▶ [WHAT TO DO]: I would like the entries transcribed word for word, please, with the pictures removed.

▶ [GIVEN RECORDS]:
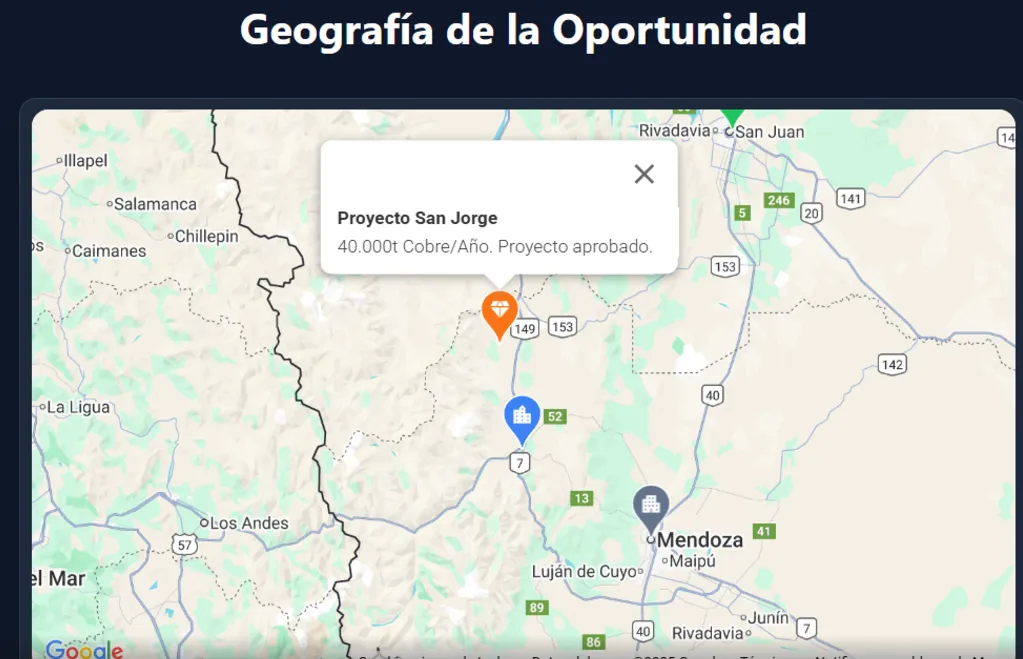 Mapa del Proyecto San Jorge, mostrando su ubicación en Uspallata, cerca del límite entre Mendoza y San Juan.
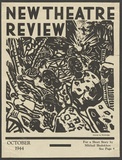 Artist: b'Bainbridge, John.' | Title: b'(frontcover) New theatre review: October 1944.' | Date: 1944 | Technique: b'linocut, printed in black ink, from one block; letterpress text'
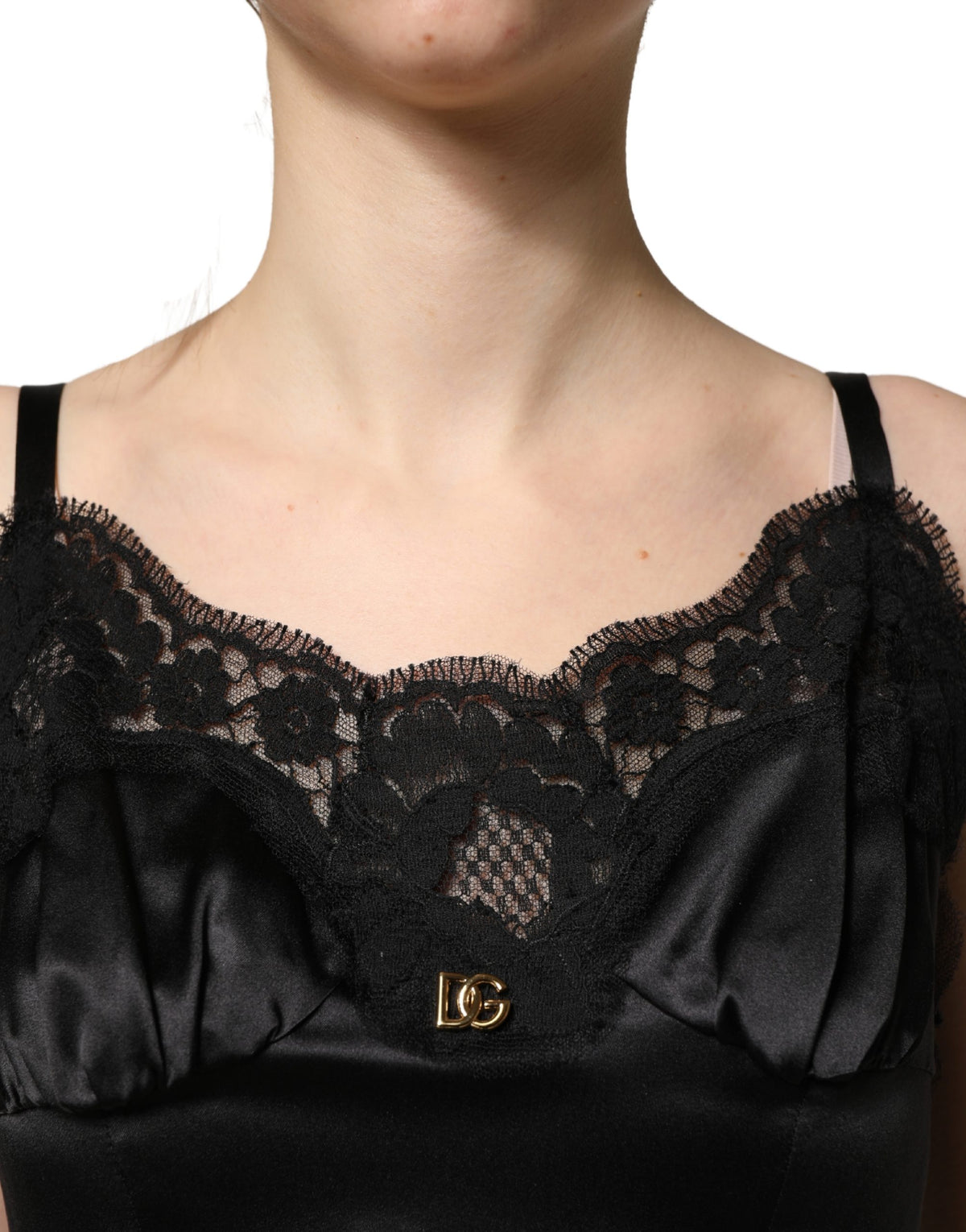 Dolce & Gabbana Black Silk Satin Lace Mini Dress Couture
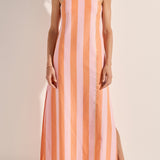 Sample - Dione Xora Stripe Strapless Dress Size L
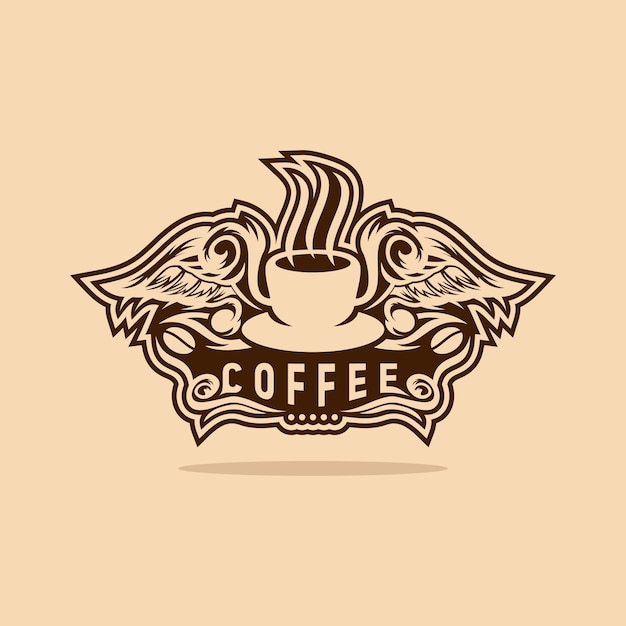 Koffie logo premium ontwerp vector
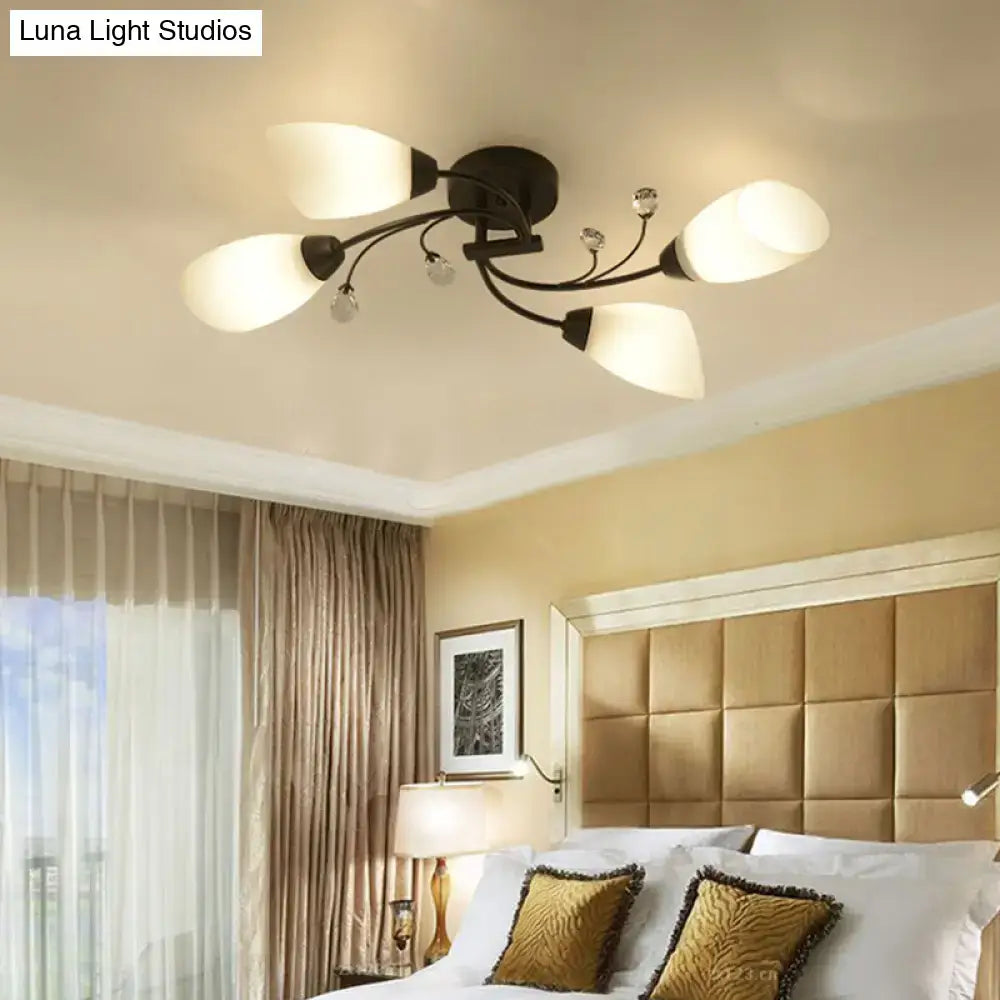 Black Opal Glass Flush Light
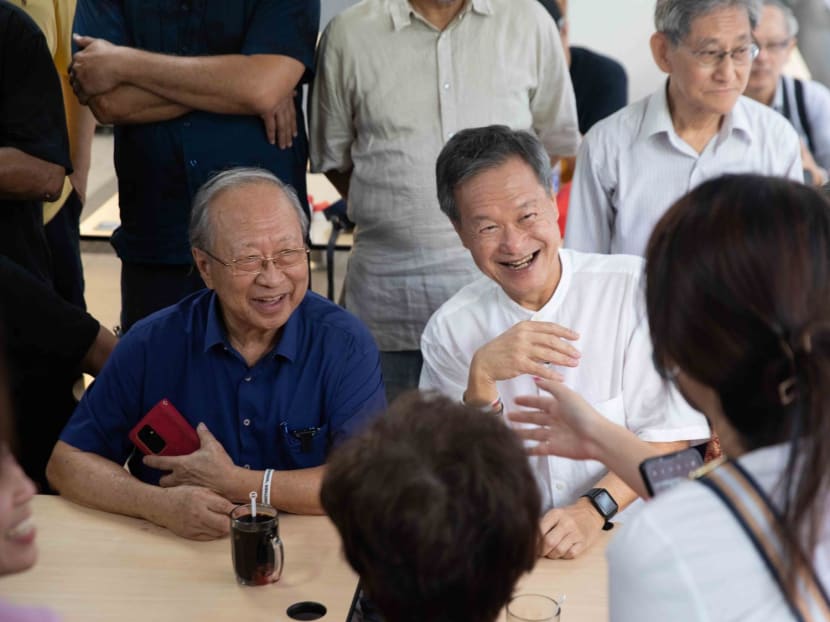 Presidential candidate Tan Kin Lian (right) and Dr Tan Cheng Bock (left) at People’s Park Food Centre on Aug 27, 2023. Presidential candidate Tan Kin Lian (right) and Dr Tan Cheng Bock (left) at People’s Park Food Centre on Aug 27, 2023.
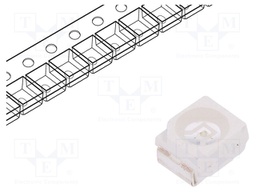 LED; SMD; 3528,PLCC2; blue; 350÷500mcd; 3.5x2.8x1.9mm; 120°; 20mA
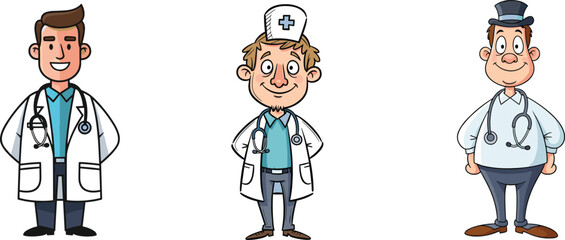 Cartoon doctor characters, medical profession, healthcare worker, funny physician, nurse hat, stethoscope, hospital staff, medical illustration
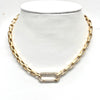 Michaela Square Link CZ Paperclip Carabiner Necklace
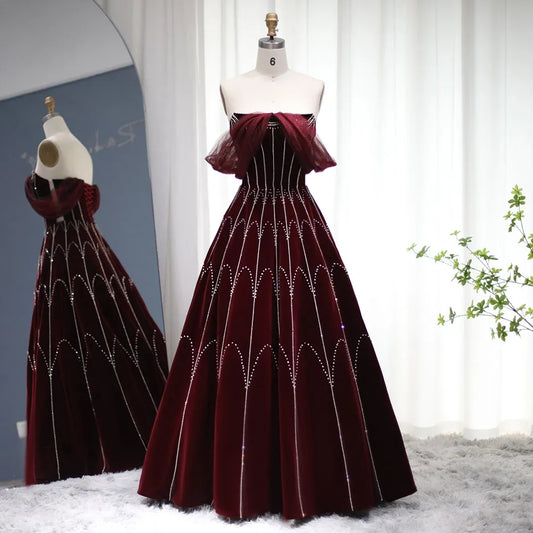 Vestido de Festa Marsala Longo Cristal e Renda - Modelo Especial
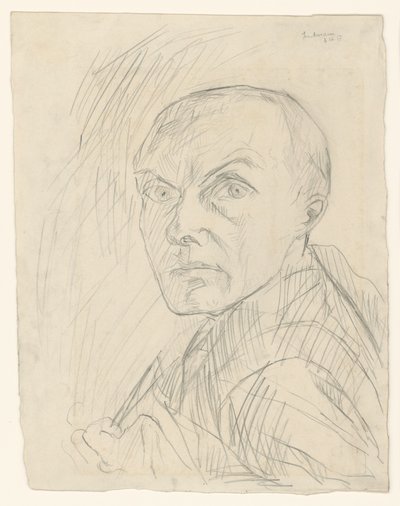 Autoportrét v poloprofilu směrem doleva od Max Beckmann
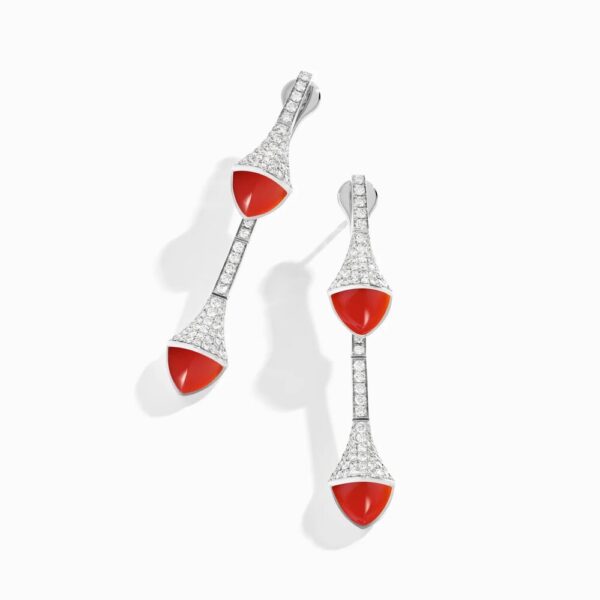 18K WHITE GOLD RED AGATE AND DIAMOND DROP EARRING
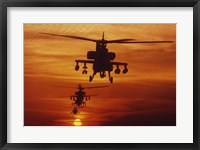Framed Four AH-64 Apache Helicopters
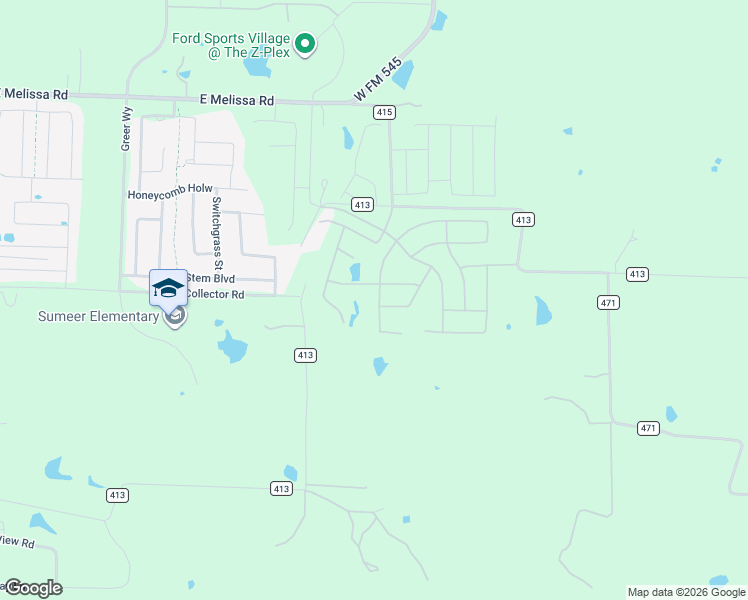 map of restaurants, bars, coffee shops, grocery stores, and more near 4332 County Road 413 in Melissa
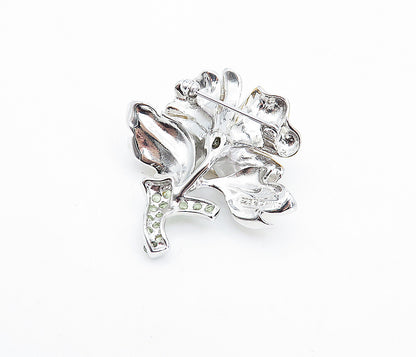 ROSS SIMON 925 Silver  Vintage Blue Topaz Two Tone Flower Brooch Pin  BP1374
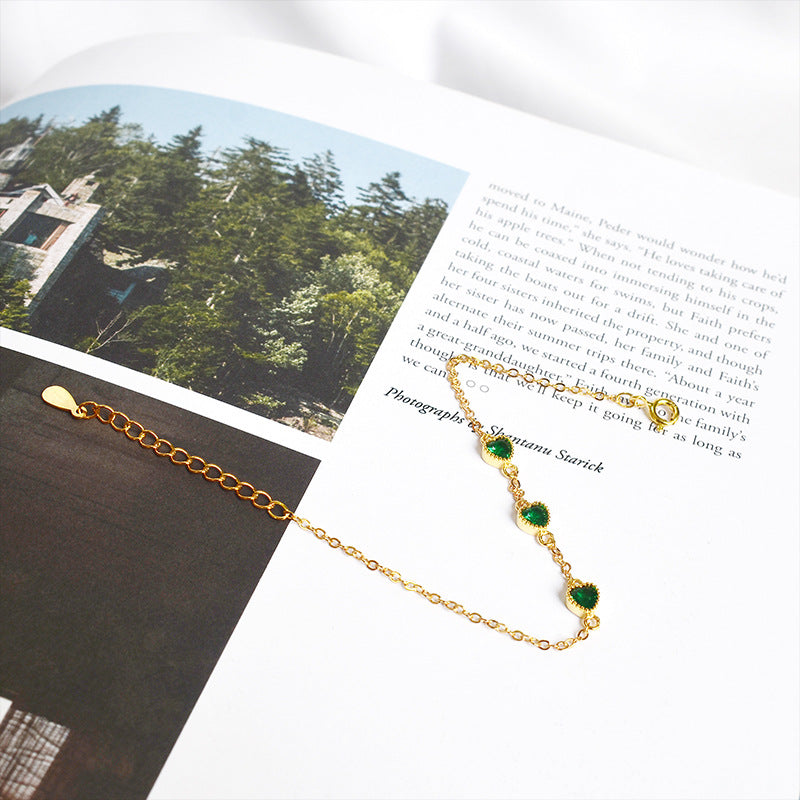 S925 Sterling Silver Retro Emerald Bracelet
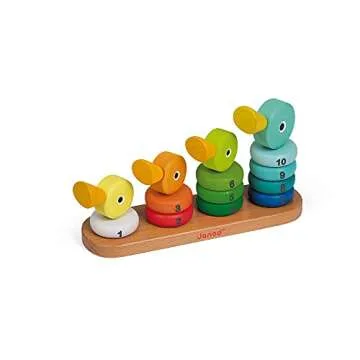 Janod Zigolos Duck Family Stacking Toy for Kids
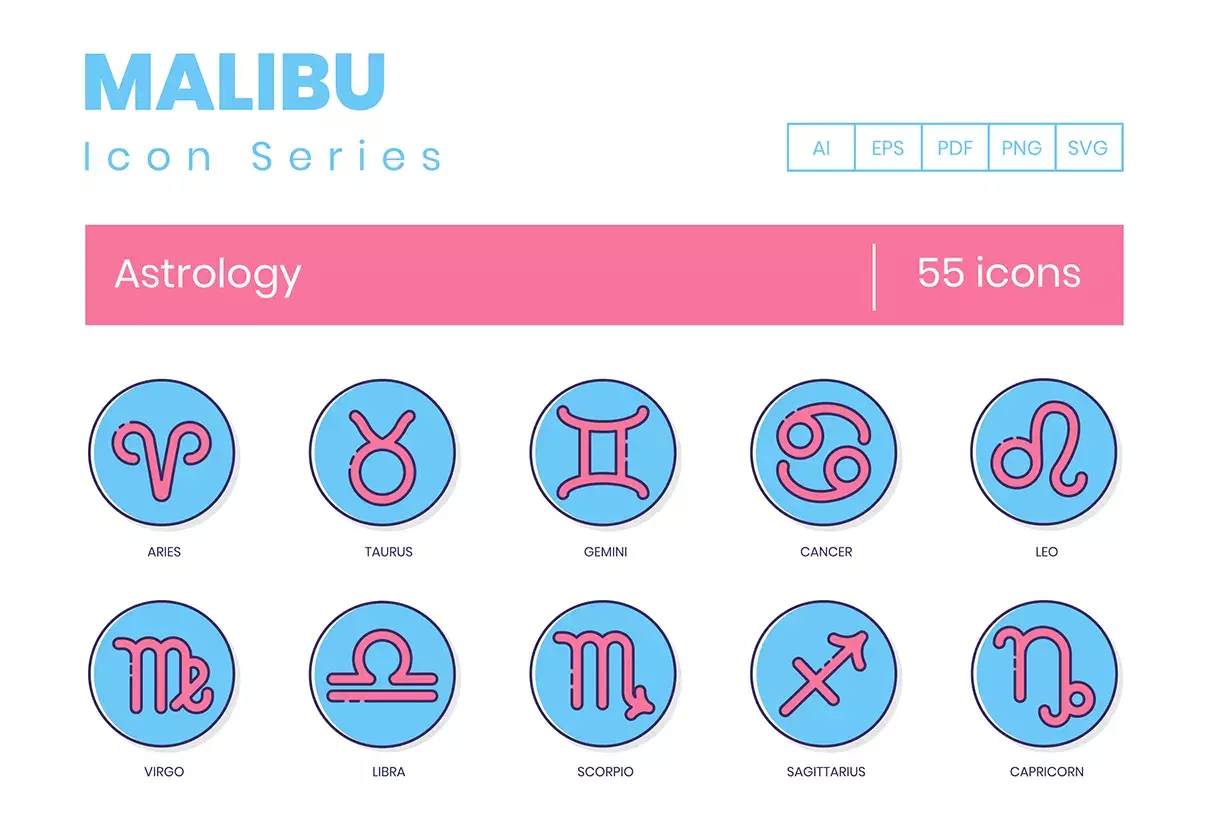 55 Astrology Icons | Malibu Series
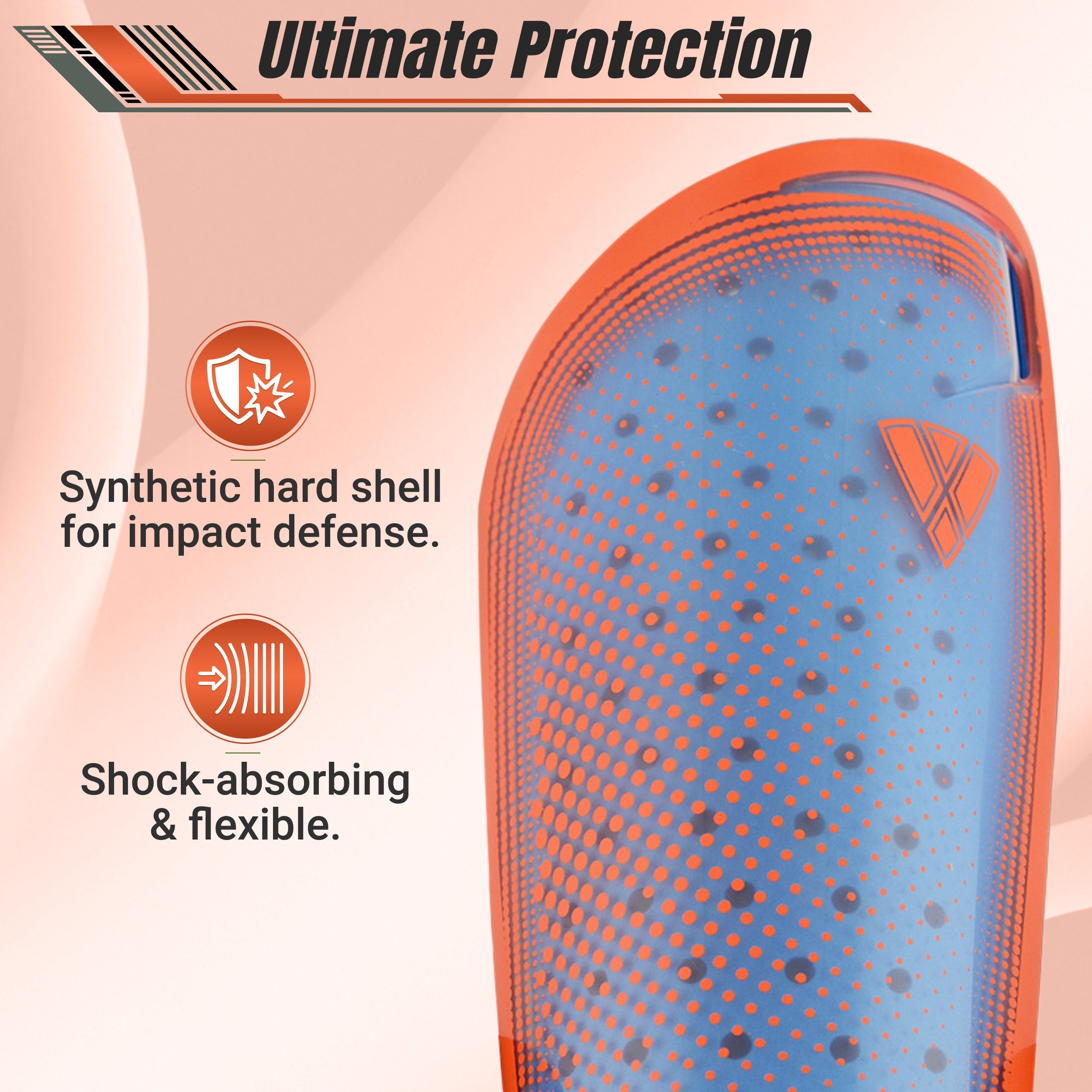 Atletico Soccer Shin Guard with Compression Pocket Sleeve - Orange/Blue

▶ [WRITTEN SOLUTION]:
 Mapa del Proyecto San Jorge, mostrando su ubicación en Uspallata, cerca del límite entre Mendoza y San Juan.
 Artist: b'Bainbridge, John.' | Title: b'(frontcover) New theatre review: October 1944.' | Date: 1944 | Technique: b'linocut, printed in black ink, from one block; letterpress text'
 Dolce & Gabbana Black Silk Satin Lace Mini Dress Couture
 Sample - Dione Xora Stripe Strapless Dress Size L
 Koffie logo premium ontwerp vector
 Black Opal Glass Flush Light
 Presidential candidate Tan Kin Lian (right) and Dr Tan Cheng Bock (left) at People’s Park Food Centre on Aug 27, 2023. Presidential candidate Tan Kin Lian (right) and Dr Tan Cheng Bock (left) at People’s Park Food Centre on Aug 27, 2023.
 LED; SMD; 3528,PLCC2; blue; 350÷500mcd; 3.5x2.8x1.9mm; 120°; 20mA
 Cartoon doctor characters, medical profession, healthcare worker, funny physician, nurse hat, stethoscope, hospital staff, medical illustration
 Michaela Square Link CZ Paperclip Carabiner Necklace
 Vestido de Festa Marsala Longo Cristal e Renda - Modelo Especial
 Autoportrét v poloprofilu směrem doleva od Max Beckmann
 18K WHITE GOLD RED AGATE AND DIAMOND DROP EARRING
Framed Four AH-64 Apache Helicopters
 map of restaurants, bars, coffee shops, grocery stores, and more near 4332 County Road 413 in Melissa
 ROSS SIMON 925 Silver  Vintage Blue Topaz Two Tone Flower Brooch Pin  BP1374
 S925 Sterling Silver Retro Emerald Bracelet
 Janod Zigolos Duck Family Stacking Toy for Kids
 55 Astrology Icons | Malibu Series
 Atletico Soccer Shin Guard with Compression Pocket Sleeve - Orange/Blue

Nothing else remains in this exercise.